This phase I trial studies the side effects and best dose of inotuzumab ozogamicin when given with 3 and 4 drug standard chemotherapy regimen in treating patients with B-cell acute lymphoblastic leukemia that has come back (relapsed) or does not respond to treatment (refractory). Inotuzumab ozogamicin is a monoclonal antibody, called inotuzumab, linked to a toxic agent called ozogamicin. Inotuzumab attaches to CD22 positive cancer cells in a targeted way and delivers ozogamicin to kill them. Chemotherapy drugs, such as daunorubicin, vincristine, cytarabine, methotrexate, and pegaspargase, work in different ways to stop the growth of cancer cells, either by killing the cells, by stopping them from dividing, or by stopping them from spreading. Anti-inflammatory drugs, such as prednisone lower the body’s immune response and are used with other drugs in the treatment of some types of cancer. Giving inotuzumab ozogamicin with standard chemotherapy may work better in treating patients with B-cell acute lymphoblastic leukemia compared to inotuzumab ozogamicin alone.
Additional locations may be listed on ClinicalTrials.gov for NCT03962465.
See trial information on ClinicalTrials.gov for a list of participating sites.
PRIMARY OBJECTIVES:
I. To describe the safety of combination re-induction regimens (3-drug and 4-drug) with inotuzumab ozogamicin.
II. To determine the maximum tolerated dose (MTD) of inotuzumab ozogamicin when administered in combination with 3-drug and 4-drug re-induction regimens.
EXPLORATORY OBJECTIVES:
I. To obtain preliminary data on the complete remission rate of inotuzumab ozogamicin administered in combination with a 3-drug re-induction regimen.
II. To obtain preliminary data on the complete remission rate of inotuzumab ozogamicin administered in combination with a 4-drug re-induction regimen.
III. To obtain preliminary data on overall and relapse-free survival.
IV. To obtain preliminary data on the rate of transition to allogeneic stem cell transplant.
V. To describe the incidence of veno-occlusive disease.
VI. To obtain preliminary estimates of the change (before, during and after inotuzumab ozogamicin therapy) in:
VIa. Levels of circulating pro-thrombotic tissue factor (TF) and extracellular vesicles (EVs).

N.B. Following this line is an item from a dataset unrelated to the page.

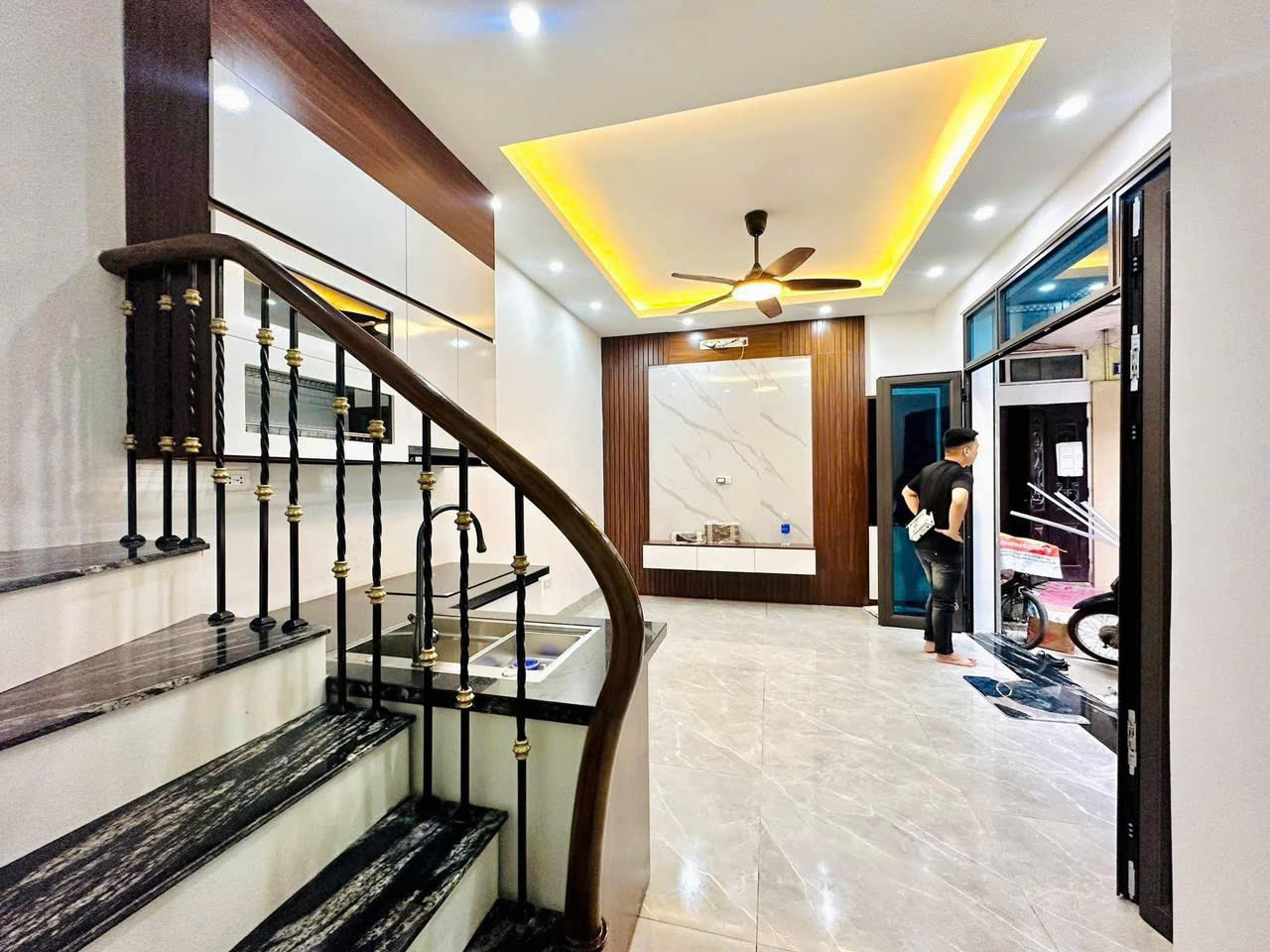 NHÀ NHỎ XINH, MẶT TIỀN LỚN, THOÁNG SÁNG NỘI THẤT ĐẸP, Ở LUÔN Ngõ Chợ Khâm Thiên 24m, 4 tầng, 4,75 tỷ.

VIb. Frequency of circulating B-1 cells.
VIc. Plasma levels of anti-phosphocholine (PC) and anti-malondialdehyde (MDA) immunoglobulin M (IgM) antibodies.
VII. To obtain preliminary estimates of correlations of plasma EV-TF activity, frequency of B-1 cells, and levels of IgM antibodies with clinical diagnostic criteria and incidence of veno-occlusive disease (VOD).
OUTLINE: This is a dose-escalation study of inotuzumab ozogamicin. Patients are assigned to 1 of 2 parts.
PART 1 (3-DRUG REGIMEN): Patients receive daunorubicin hydrochloride intravenously (IV) over 3-15 or 30 minutes on days 1, 8, 15, and 22, vincristine sulfate IV over 3-5 or 15 minutes on days 1, 8, 15, and 22, and prednisone orally (PO) twice daily (BID) on days 1-28, and inotuzumab ozogamicin IV over 1 hour on days 12 and 19 in the absence of disease progression or unacceptable toxicity. Patients also receive cytarabine intrathecally (IT) on day 1 and methotrexate sodium IT on days 8 and 29 for central nervous system (CNS) prophylaxis in the absence of disease progression or unacceptable toxicity.
PART 2 (4-DRUG REGIMEN): Patients receive treatment as in Part 1 and also receive pegaspargase IV over 2 hours on day 4 in the absence of disease progression or unacceptable toxicity.
After completion of study treatment, patients are followed up at 30 days and then every 3 months for up to 3 years.